■ What is needed
Records follow. Print exactly the lines from the one that has "Happy Asian little" through the one that has "Helen Johnson, tailoring", inclusive, and omit the pictures.

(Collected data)
Content starts
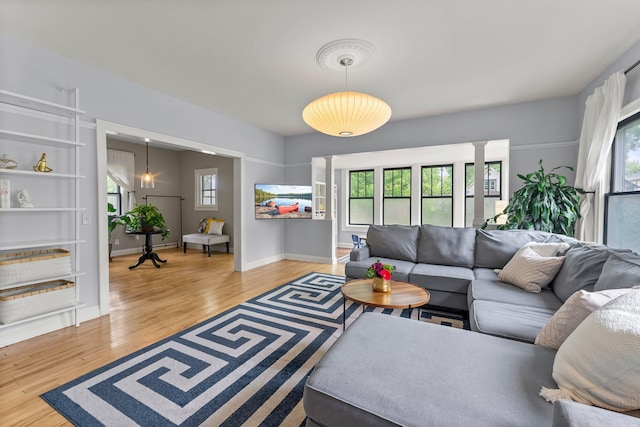 3100 29th Ave S, Minneapolis, MN 55406 - living area with light wood-type flooring, baseboards, and ornate columns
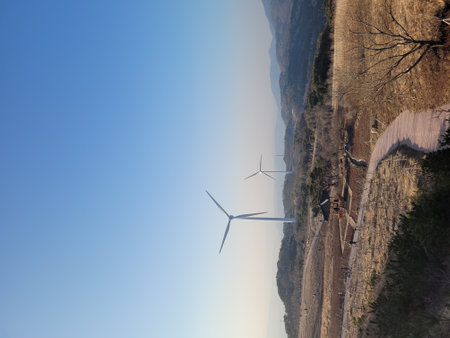 wind turbines on the top of a cliff in the mountains, blue sky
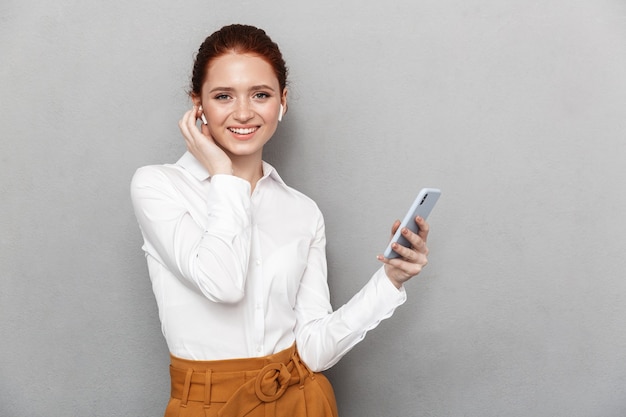 Портрет улыбающейся рыжей деловой женщины 20-х годов в наушниках, держащей и смотрящей на смартфон в офисе, изолированной над серым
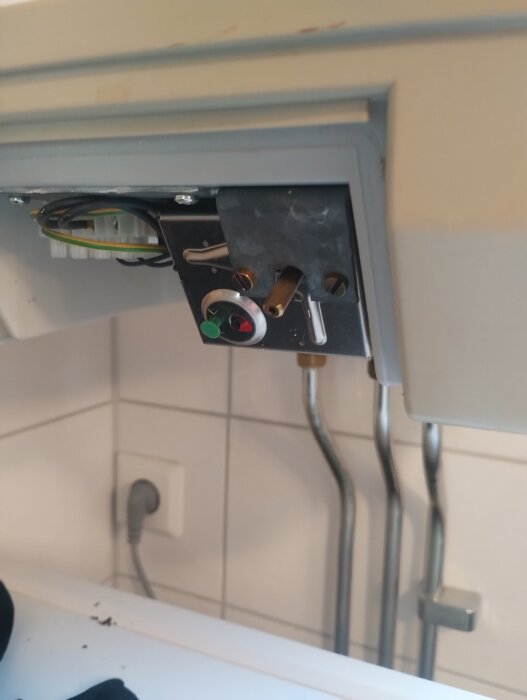 Närbild på insidan av en varmvattenberedare med en grön knapp, kablar och rör. Synliga vägguttag och rör i bakgrunden.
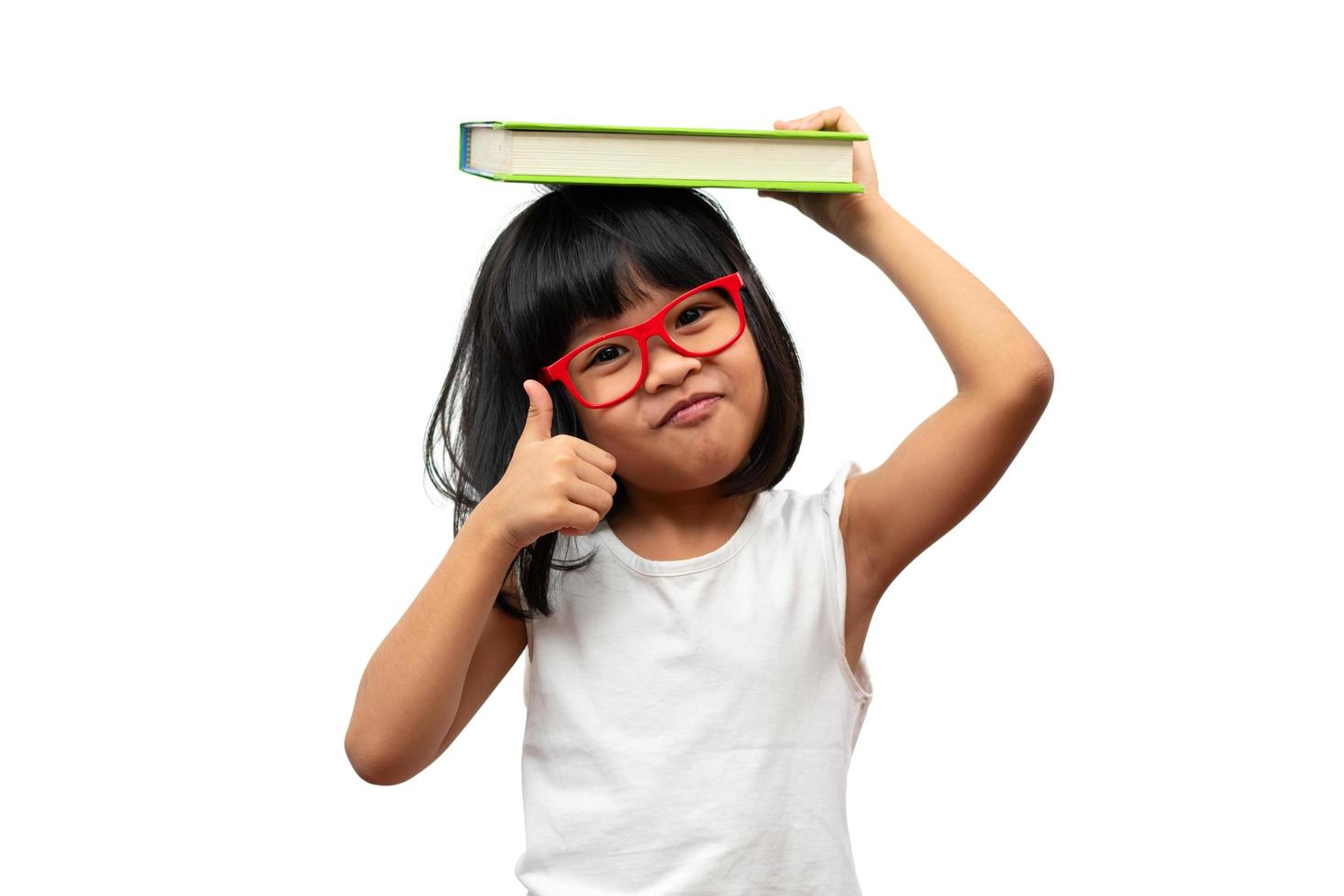 Happy Asian little preschool girl wearing red glasses holding a green book and thumbs up on white isolated background. Concept of school kid and education in elementary and preschool, home school photo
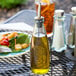 A Tablecraft green glass oil and vinegar dispenser on a table.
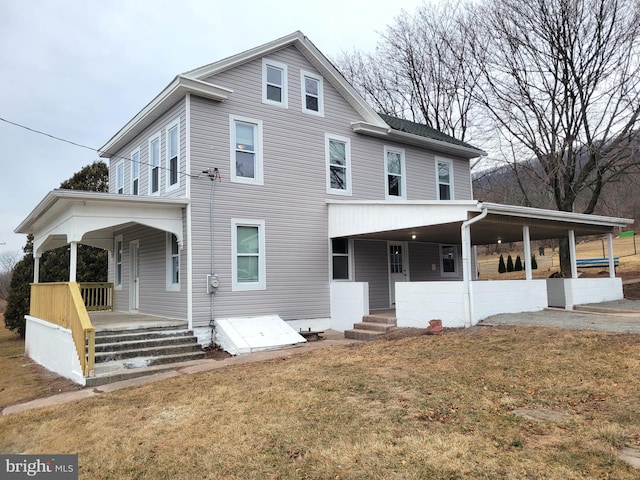 view of front facade with covered porch and a front lawn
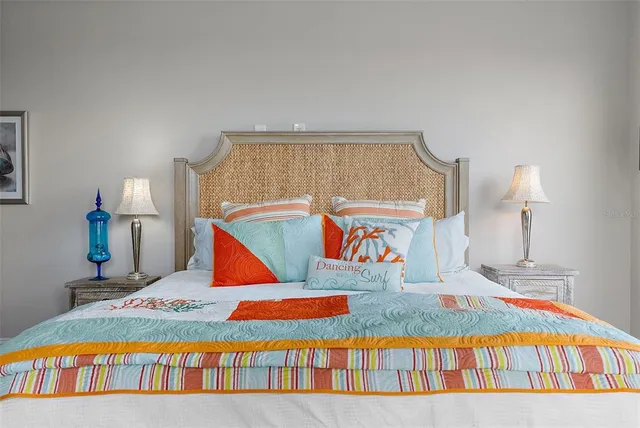 a view of a room with table and chairs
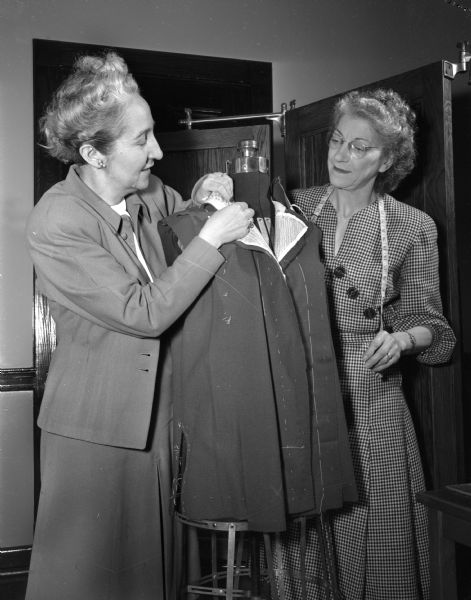 Helen Johnson, tailoring instructor, and Mrs. Edwin (Gertrude) Johnson, student, at Madison Vocational and Adult Education School, 211-213 North Carroll Street. Helen Johnson is working with fabric on a dress form, while Gertrude Johnson looks on with a tape measure around her neck.
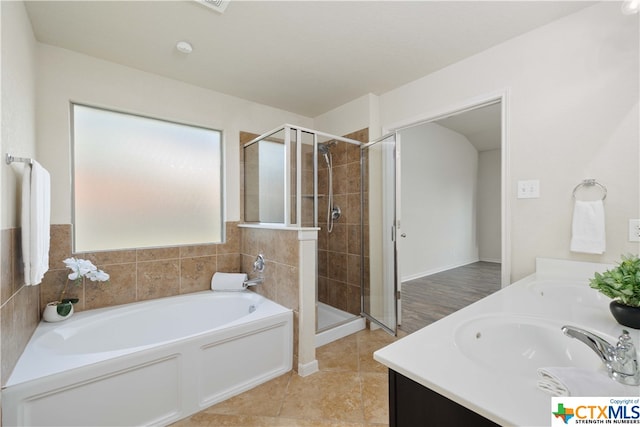 bathroom with tile patterned floors, vanity, and shower with separate bathtub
Content ends
■ Output of the exercise
 Happy Asian little preschool girl wearing red glasses holding a green book and thumbs up on white isolated background. Concept of school kid and education in elementary and preschool, home school photo
 A Tablecraft green glass oil and vinegar dispenser on a table.
 view of front facade with covered porch and a front lawn
 a view of a room with table and chairs
 Helen Johnson, tailoring instructor, and Mrs. Edwin (Gertrude) Johnson, student, at Madison Vocational and Adult Education School, 211-213 North Carroll Street. Helen Johnson is working with fabric on a dress form, while Gertrude Johnson looks on with a tape measure around her neck.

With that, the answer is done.